Activity: Copy the listing below letter for letter, passing over each picture.

Recorded data section start

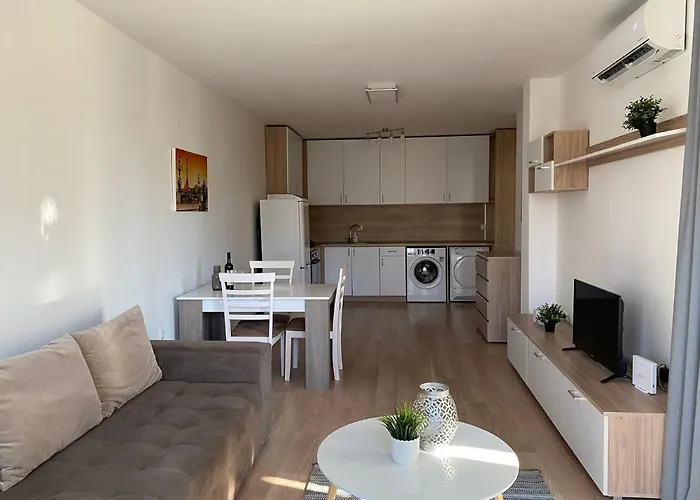 Brand New With Outdoor Swimming Pool Appartement Varna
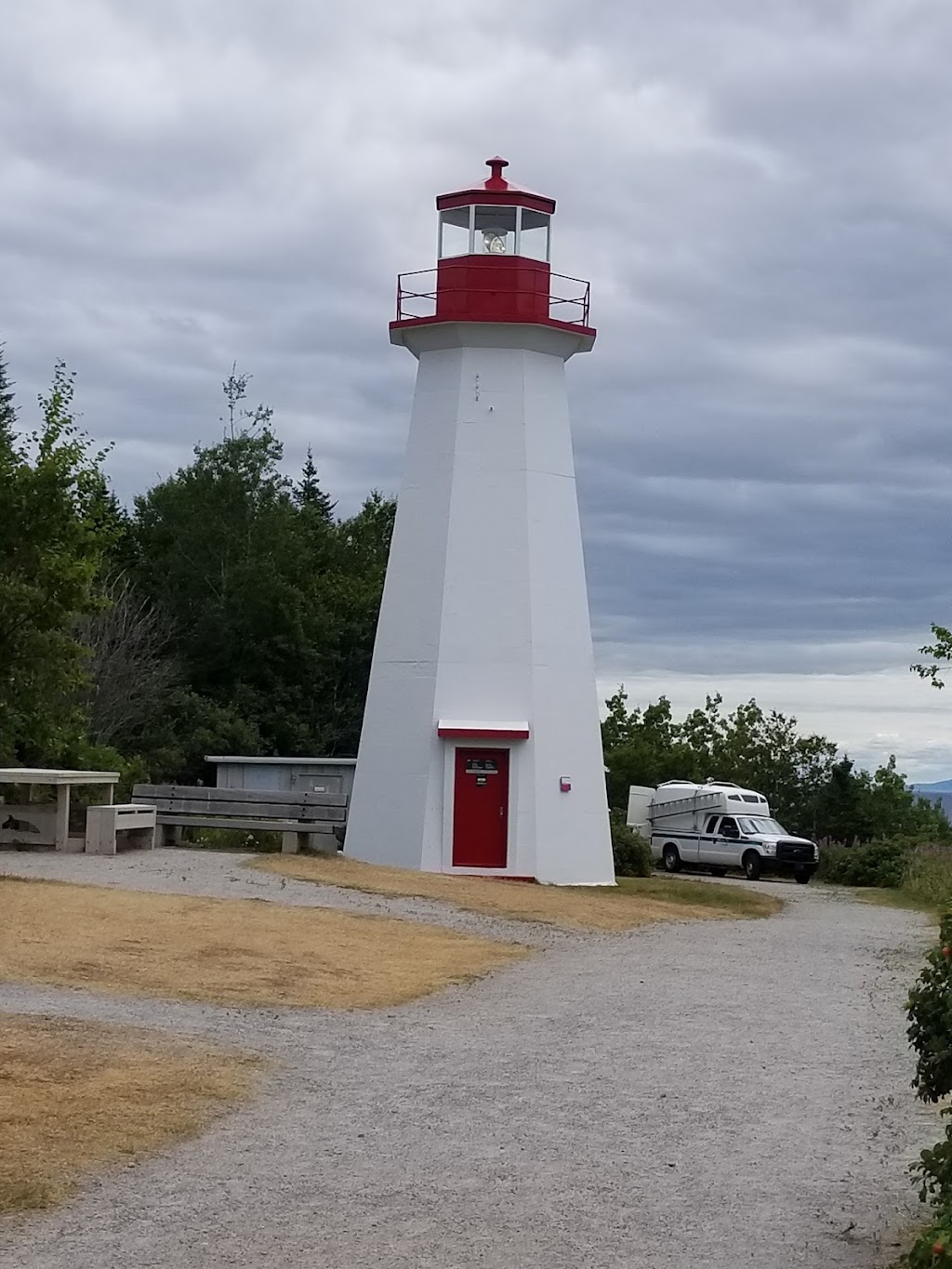 Canada Center DInterpretation | 13 Chem. du Cap de Bon Désir, Grandes-Bergeronnes, QC G0T 1G0, Canada | Phone: (418) 232-6751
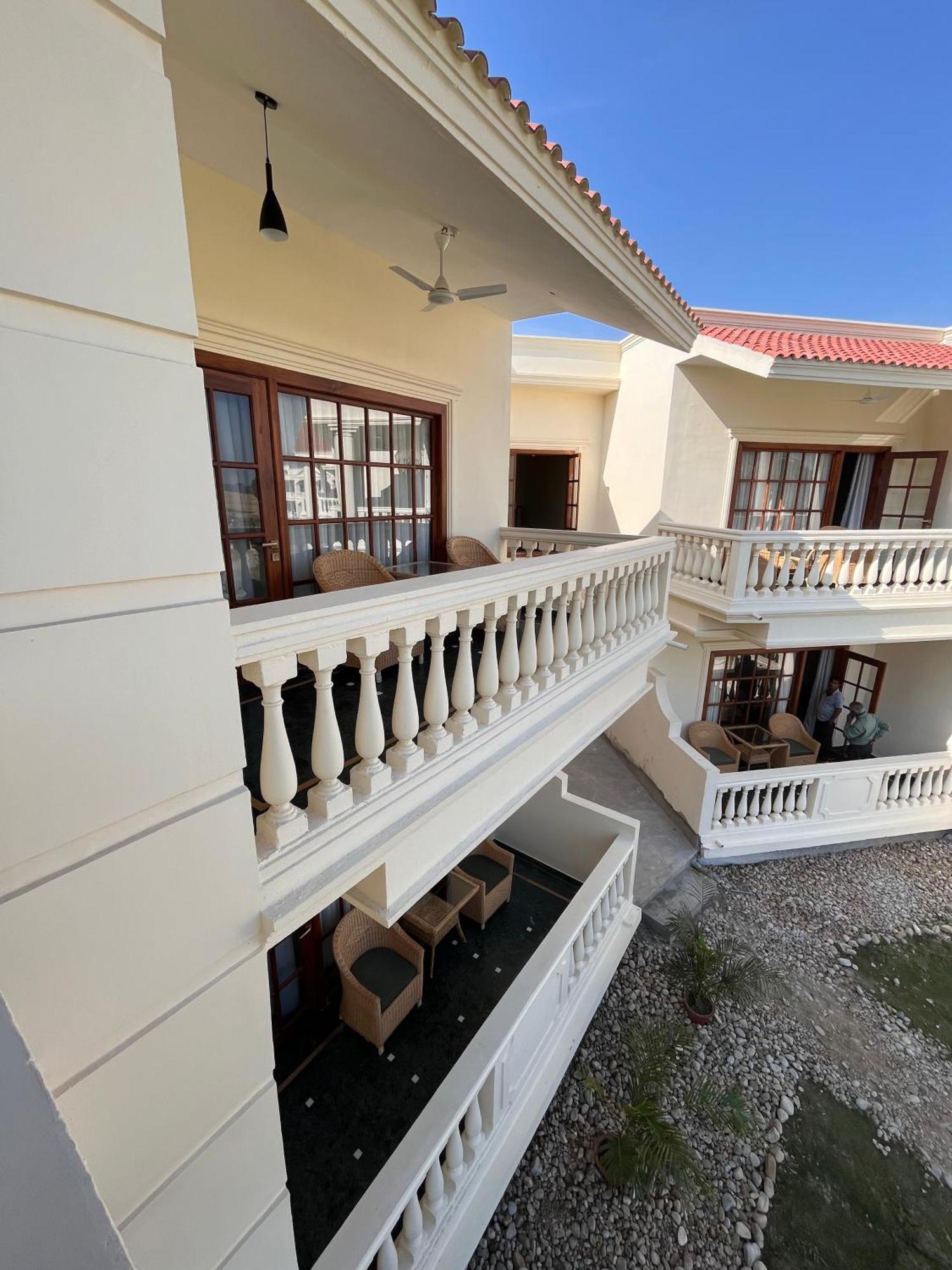 Royale De' Casa Resort กาซิรังคา ภายนอก รูปภาพ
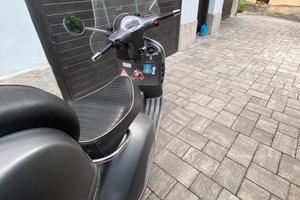 Vespa 300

Recorded data section end

Finished task:
 Brand New With Outdoor Swimming Pool Appartement Varna
 Canada Center DInterpretation | 13 Chem. du Cap de Bon Désir, Grandes-Bergeronnes, QC G0T 1G0, Canada | Phone: (418) 232-6751
 Royale De' Casa Resort กาซิรังคา ภายนอก รูปภาพ
 Vespa 300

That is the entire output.